A wave of new discoveries of NASA’s Juno Jupiter’s mission
Juno He reached Jupiter System in 2016, but a failed thrust meant that it is now stuck in a wide polar orbit that brings it closer to Jupiter and its moons every 53 days. Even so, the duration of those Flyby, Juno has accumulated a group of high quality data on Jupiter’s atmosphere, even at the planet’s poles, which had not previously studied in detail.
In the north pole of Jupiter there is a lid of stratospheric mist, which Juno has measured to be colder than its surroundings in 52 degrees Fahrenheit (11 degrees Celsius). Around the polar lid there are stream currents that blow more than 100 miles per hour (161 kilometers per hour). Below The Haze, The North Polar Region is Inhabited by One Giant, Central Cyclone About 1,864 thousand (3,000 kilometers) Across, Surrouted by ITS “Groupies” – Eight Smaller Cyclones Between 1,800 and 2,800 and 2,800 and 2,800 and 2,800s, in -kiles in -kiles in -kiles Kilom00 and 2,800 and 2,800 and 2,800 and 2,800 and 2,800 and 2,800 and 2,800 and 2, in size, size, in size, in size, Siagnserders and 2,800 and 2,800 and 2,800 and 2,800 and 2,800 and 2,800 and 2,800 and 2, and 2,800. Any similar phenomenon we have in Land.
Juno has been tracking the movement of this cyclone system with visible and infrared light (in the appearance of heat that comes from deep inside the atmosphere) since 2016, using its mapping aurora infrared Junocam and Jovian (Jyram), respectively. These two instruments have shown that each of the eight cyclones moves towards the pole through a process called “beta drift”. The same process occurs to cyclones on Earth, and is the result of the Coriolis force that interacts with the rotating wind pattern that belongs to each cyclone. However, on earth, cyclones never approach the poles. This is because the more they approach cold and dry posts, the more they run out of warm and humid air that gives them energy. In Jupiter, atmospheric dynamics is different, and this is not a problem. But once in the post, Jupiter’s cyclones begin to run into each other.
“These competing forces result in the cyclones to bounce together in a way that reminds the springs in a mechanical system,” said Yohai Kaspi, Juno co-gauges from the Weizmann Science Institute in Israel in Israel, in A. statement. “This interaction not only stabilizes the entire configuration, but also causes the cyclones to oscillate around their central positions, since they slowly derive west, in the direction of the clock needles, around the post.”
Meanwhile, far from Jupiter’s atmosphere, Juno has been making recurring flyers of the moon jovian more internal, Io – The most volcanic body of the Solar System.
Duration Juno’s Flyby de IO on December 27, 2024, the spacecraft detected what has turned out to be the More energetic volcanic eruption Once recorded in IO. When Juno returned on March 2, the volcano was still throwing, and is expected to be active in the next flyer of Juno, which takes place on May 6 at a distance of 55,300 miles (89,000 kilometers) of the IO surface.
But it is what is under the surface of Io that has excited Juno’s scientific team.
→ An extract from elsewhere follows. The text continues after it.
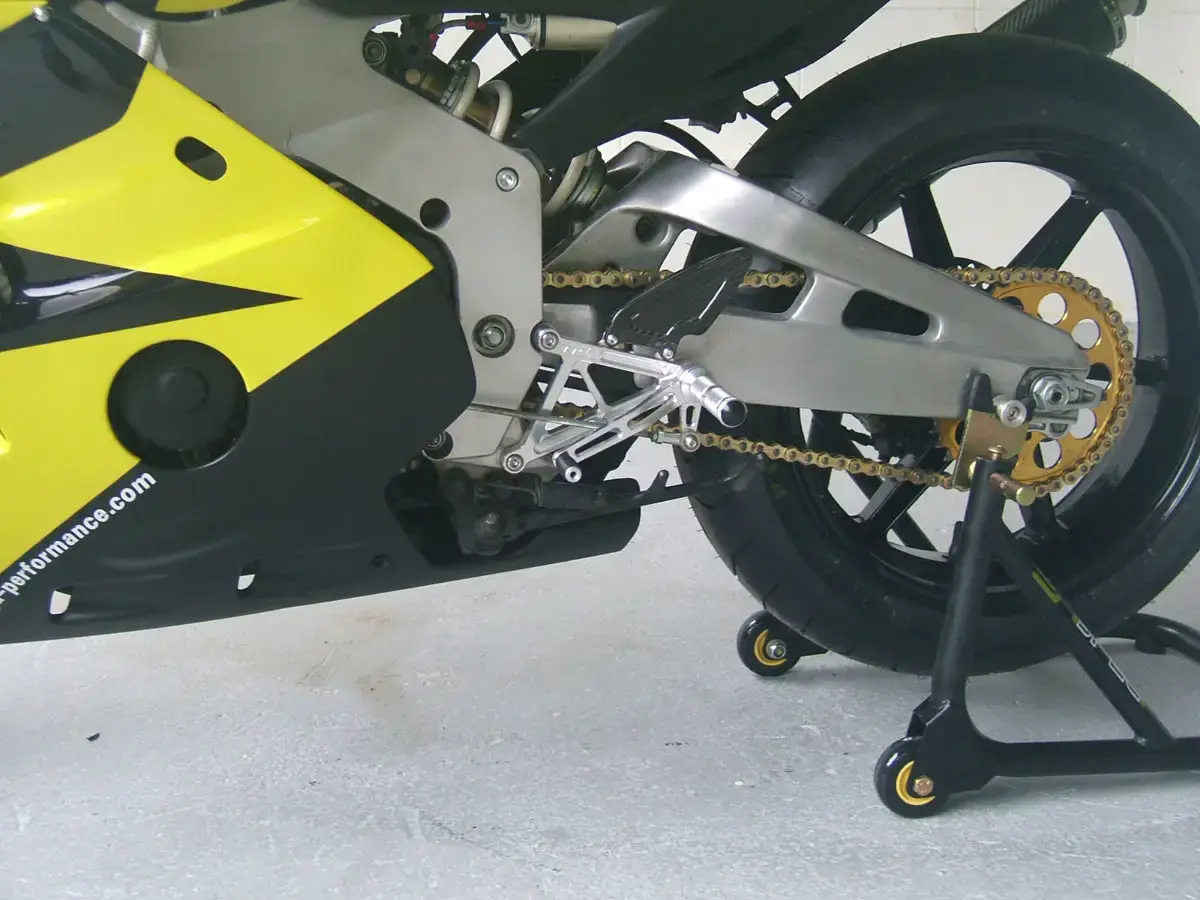 CBR250RR MC22 - TYGA Performance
When combining the microwave radiometer of the spacecraft (MWR) with Jiram, scientists could measure the underground temperature in IO, revealing the presence of underground magma flows.
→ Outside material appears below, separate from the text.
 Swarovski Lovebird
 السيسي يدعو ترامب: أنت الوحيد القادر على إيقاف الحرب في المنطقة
“The Juno science team loves to combine very different data sets of very different instruments and see what we can learn,” said Shannon Brown or the NASA Jet Propulsion Laboratory. “When we incorporated MWR’s data with Jiram’s infrared images, we were surprised by what we saw: evidence of still warm magma that has not yet solidified below the cooling cooling in all the sinks, they were in which they were.
Juno has previously lever The existence of a great magma ocean under the IO surface that could feed the volcanoes, but the thesis cooling flows could explain how IO volcanoes explode. The science team estimates that approximately 10% of the moon’s subsoil has cooling flows, which tells us more about how heat is transported from the hot interior of IO to its surface, which allows the world to frequently result in the lava of the covers.
“IO volcanoes, lava fields and underground lava flows act as a car radiator, which efficiently move the heat from the interior to the surface, cooling in the emptiness of the space,” Brown said.
Juno’s last results were presented on April 29 at the General Assembly of the European Union of Geoscience in Vienna.